Н. С. Ой, как я люблю это обвинение. Если я обвиняю какой-то исторический персонаж в том, что он был кровавой скотиной «вы, Николай Карлович, способствуете расколу общества». То есть, если я говорю, что Ленин перебил в конечном счете миллионы людей, то я способствую расколу общества, а если я говорю, что он хороший и все сделал, как надо, и все у нас после этого сложилось слава богу, то не способствую? Я с этим не согласен.

А. К. Ну что ж. «В фильме "МУР есть МУР" персонажи поют песню "День Победы", — спасибо, Александр, вы еще мне дали повод, я не весь сериал смотрю, — хотя в те времена Давиду Тухманову было 2–3 года от роду». Это к вопросу о том, как мы обращаемся с историей.

Радио «Свобода», 26.04.2004

История и детали

Канал «Россия» принял решение о производстве такой документальной эпопеи под рабочим названием «История России — XX век» еще в 2001 году.
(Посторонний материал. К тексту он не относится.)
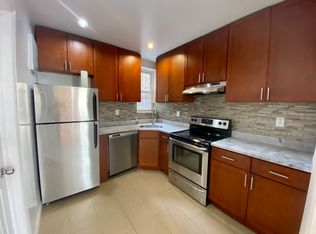 30-36 Steinway St #2F, Astoria, NY 11103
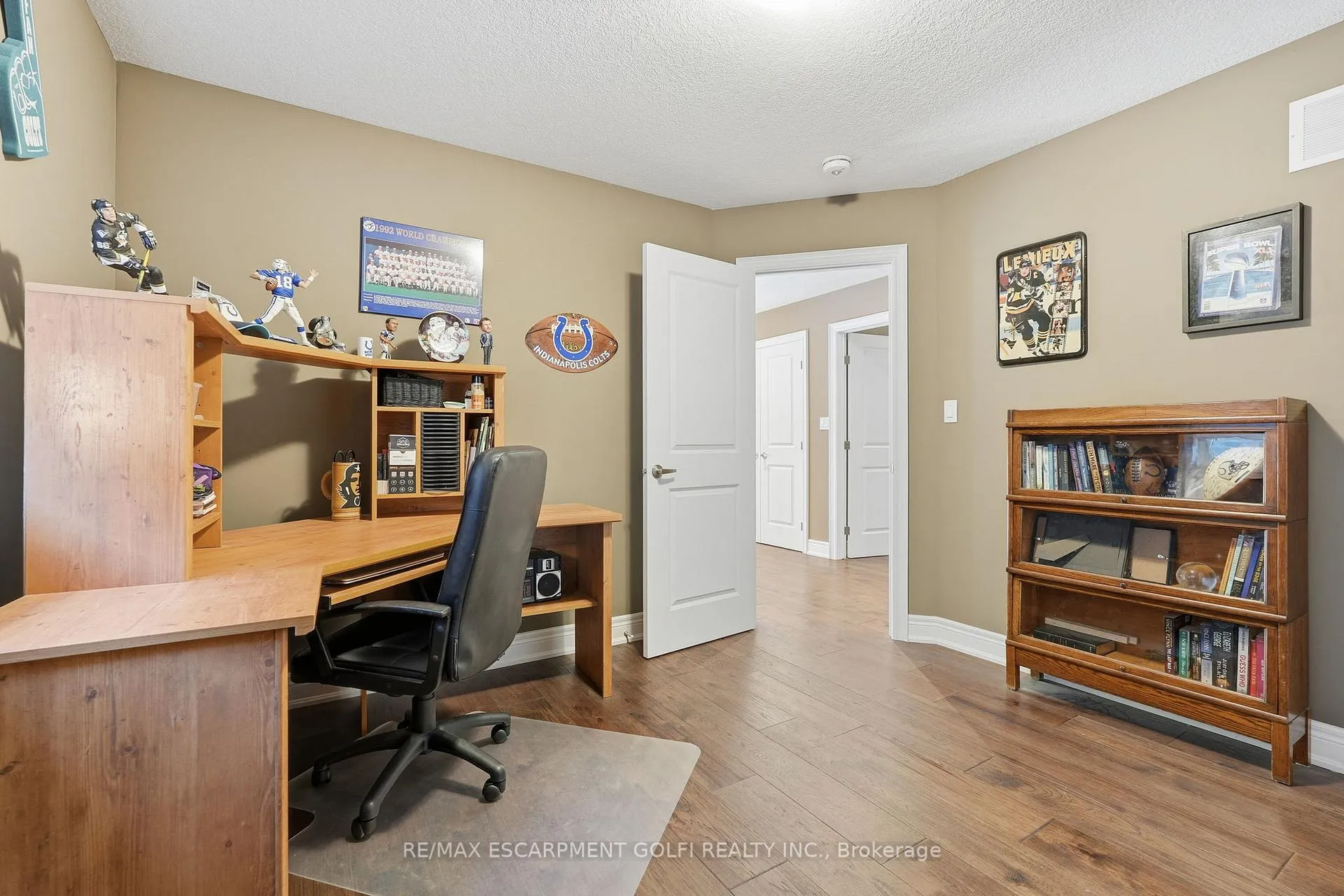 Photo 31 of 83 Homestead Way, Thorold, Rolling Meadows — HOMEH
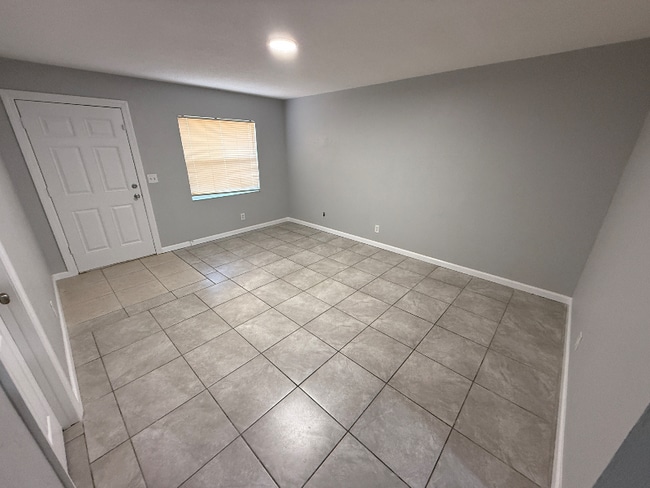 Photo - 908 Lora St Apartment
Но поскольку никто ничего подобного раньше не делал, по словам Сванидзе, «никогда не шел такой частой расческой», авторам пришлось столкнуться с немалыми технологическими и творческими трудностями. Однако процесс пошел, и теперь зритель постепенно увидит «сто персон страны, оставшиеся в истории ушедшего века».

Чисто телевизионно, по манере подачи материала, неизбежно напрашивается сравнение новой эпопеи с проектами Леонида Парфенова. В каких-то вещах, на уровне использования фото- и кинохроники и сохранившихся исторических сооружений, к примеру, здания мануфактуры в Орехово-Зуево, это оправданно и неизбежно. В чем-то, например, в путешествии по крышам той же морозовской фабрики или в расфасовке на «Красном Октябре» шоколадных конфет в спецодежде а-ля Парфенов — для солидного стиля этого ведущего неестественно. Но ведь документальный проект только начинается, и вероятно, будет корректироваться. Конечно, чем ближе к дням сегодняшним, тем больший интерес и большие споры он будет вызывать. Поэтому хотелось бы пожелать Сванидзе использовать преимущества обеих его профессий так, чтобы важные телевизионщику «фишки» и детали не заслонили историку существенные параллели и тенденции. Чтобы его проект способствовал «приведению в соответствие» истории России двадцатого века.

Сам Сванидзе говорит, что этот проект так же не будет похож на истории Парфенова, как он сам на него не похож. «Для Леонида история набор ярких фишек, которые он выстраивает так, как ему подсказывает его эстетическое чувство: Я более пристрастен к истории и не буду скрывать своего отношения. Если, исходя из исторических фактов, представленных в фильмах, люди сделают какие-то выводы ради бога, история для того и существует».